TASK GOAL. Write out again, exactly as they appear, the lines from the start of the data below through the line with "Studio Performance Long"; no pictures.

Caption-style text data:

☆ ☆ ☆ ☆

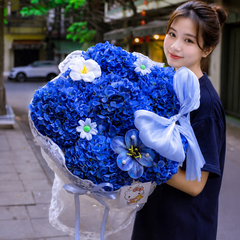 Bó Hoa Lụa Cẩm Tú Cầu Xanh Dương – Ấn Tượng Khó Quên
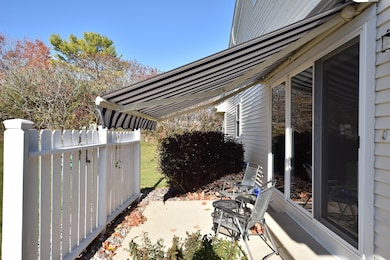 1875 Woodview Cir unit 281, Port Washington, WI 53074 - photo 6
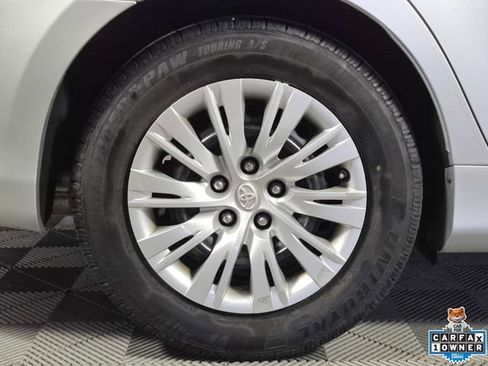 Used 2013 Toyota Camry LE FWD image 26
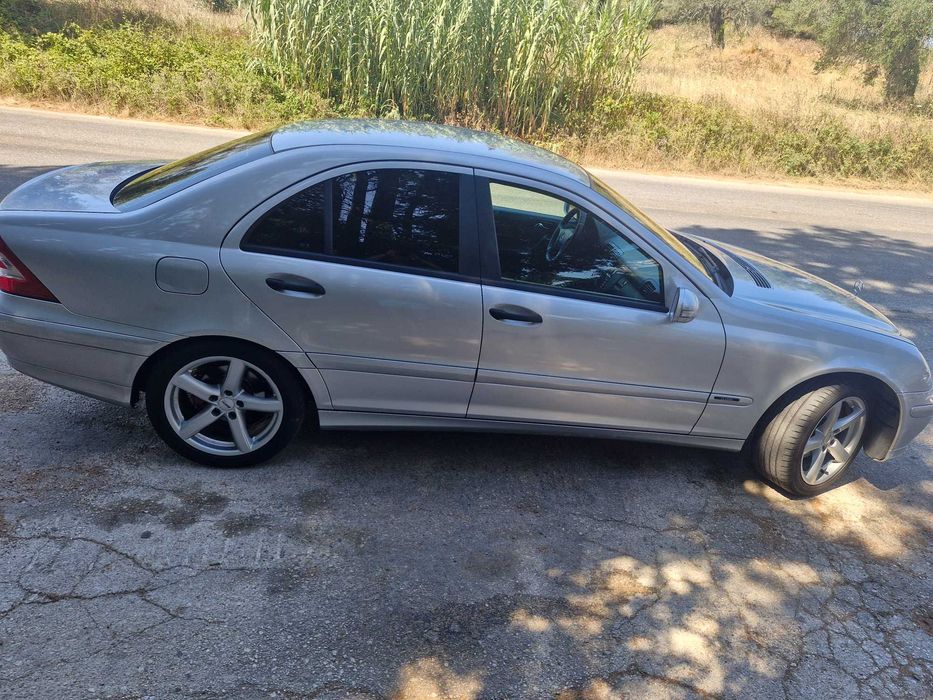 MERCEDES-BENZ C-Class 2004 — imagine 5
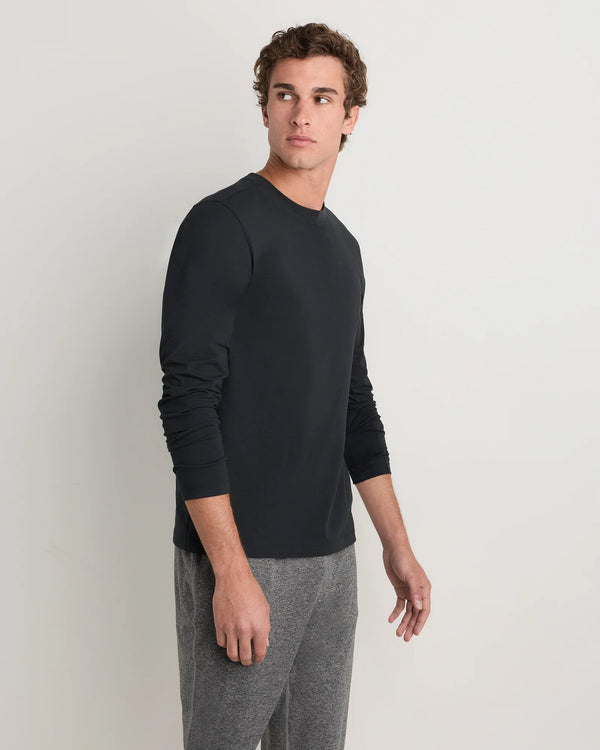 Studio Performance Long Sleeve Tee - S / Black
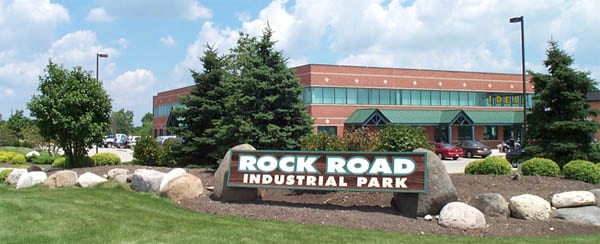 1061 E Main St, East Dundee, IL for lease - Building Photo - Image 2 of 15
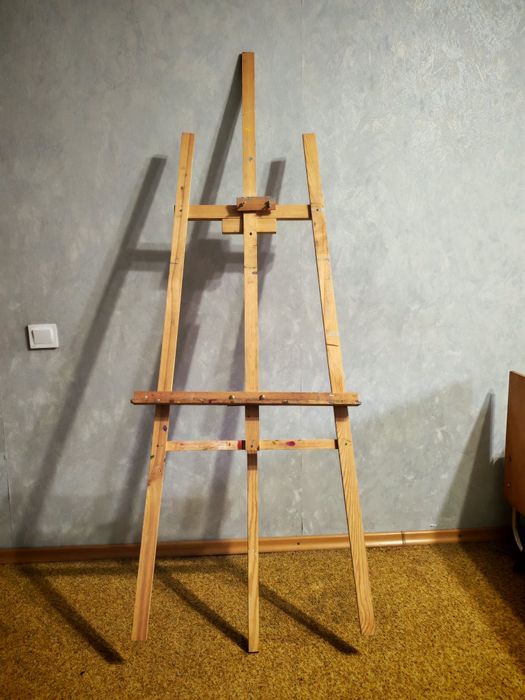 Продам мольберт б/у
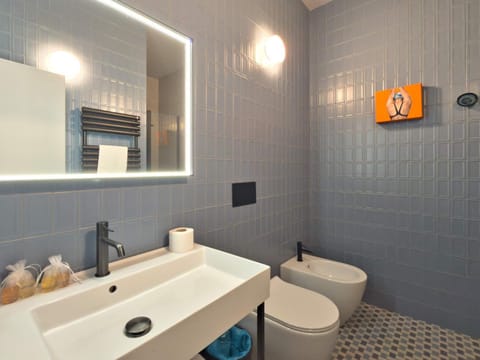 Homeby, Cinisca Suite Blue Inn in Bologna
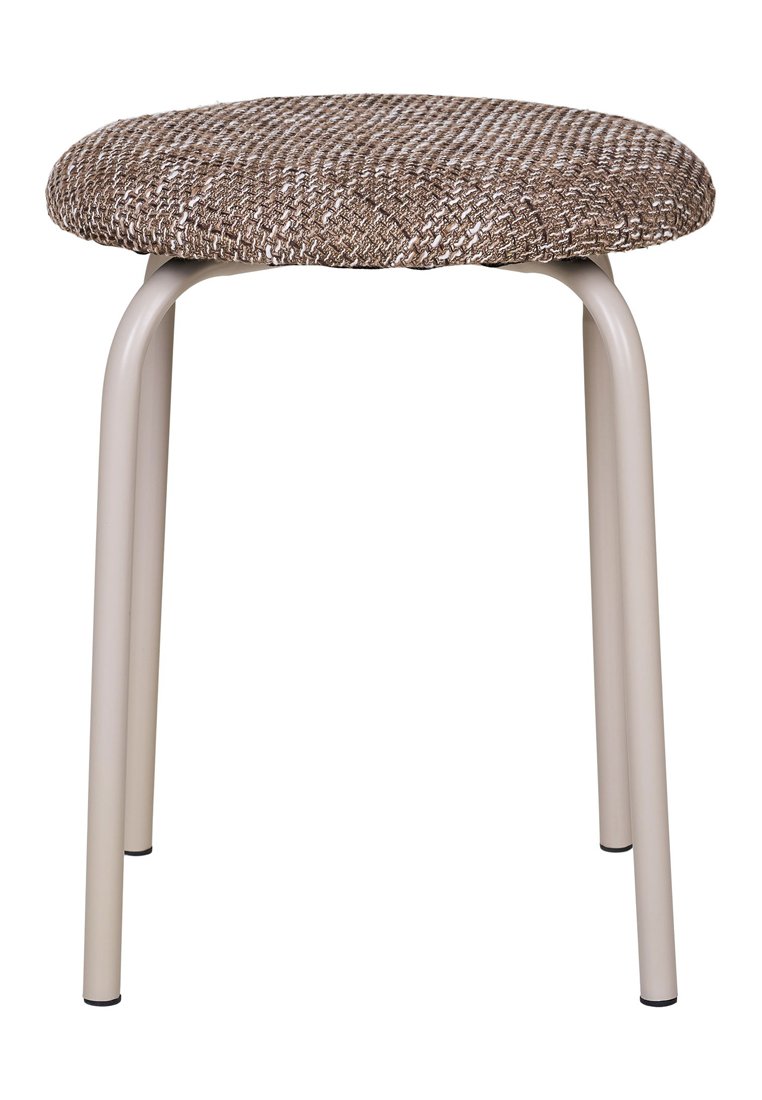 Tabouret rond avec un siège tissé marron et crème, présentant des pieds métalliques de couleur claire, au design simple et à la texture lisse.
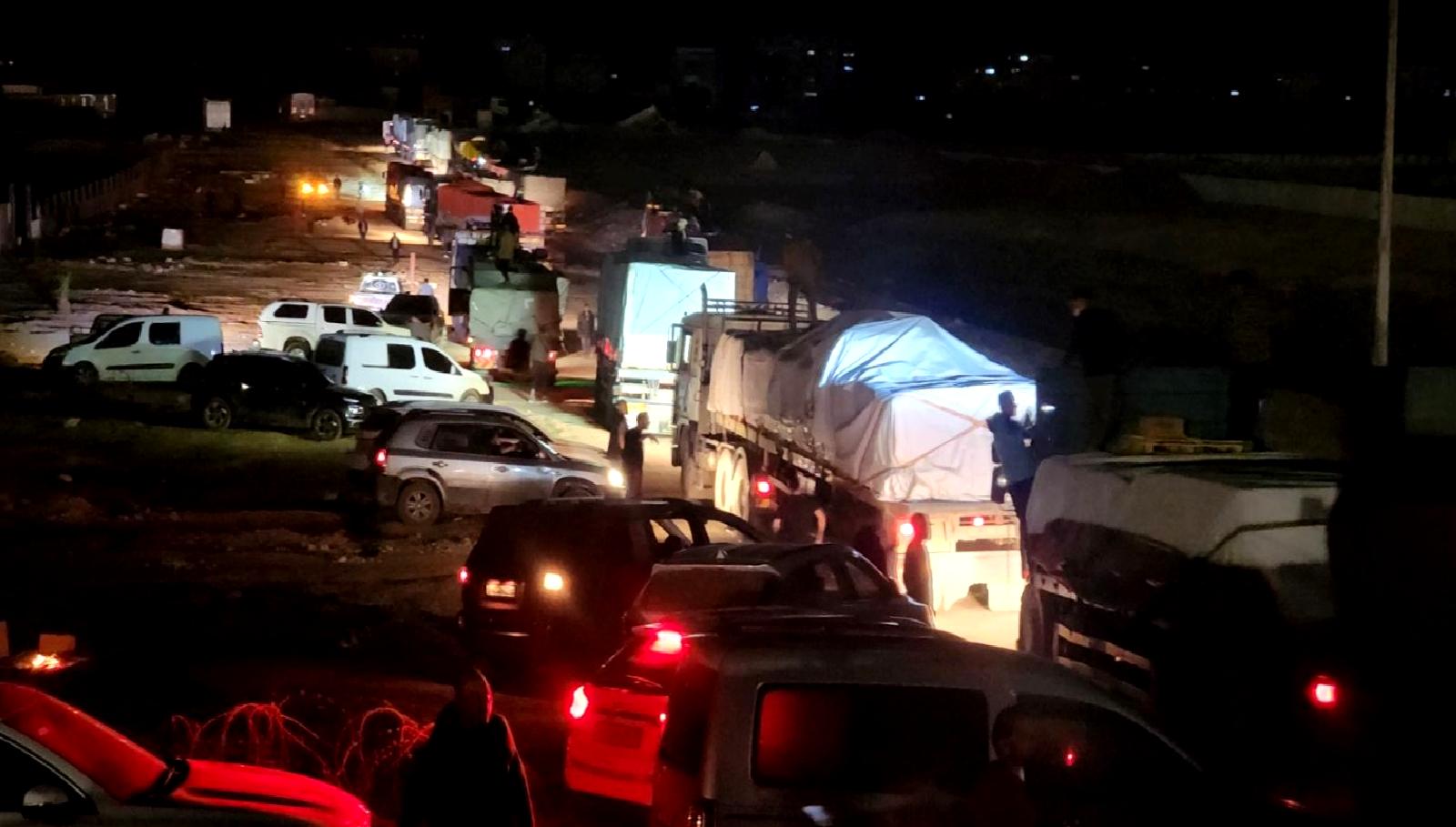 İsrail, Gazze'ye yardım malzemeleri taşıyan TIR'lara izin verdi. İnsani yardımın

☆ ☆ ☆ ☆

ANSWER SECTION.
 Bó Hoa Lụa Cẩm Tú Cầu Xanh Dương – Ấn Tượng Khó Quên
 1875 Woodview Cir unit 281, Port Washington, WI 53074 - photo 6
 Used 2013 Toyota Camry LE FWD image 26
 MERCEDES-BENZ C-Class 2004 — imagine 5
 Studio Performance Long Sleeve Tee - S / Black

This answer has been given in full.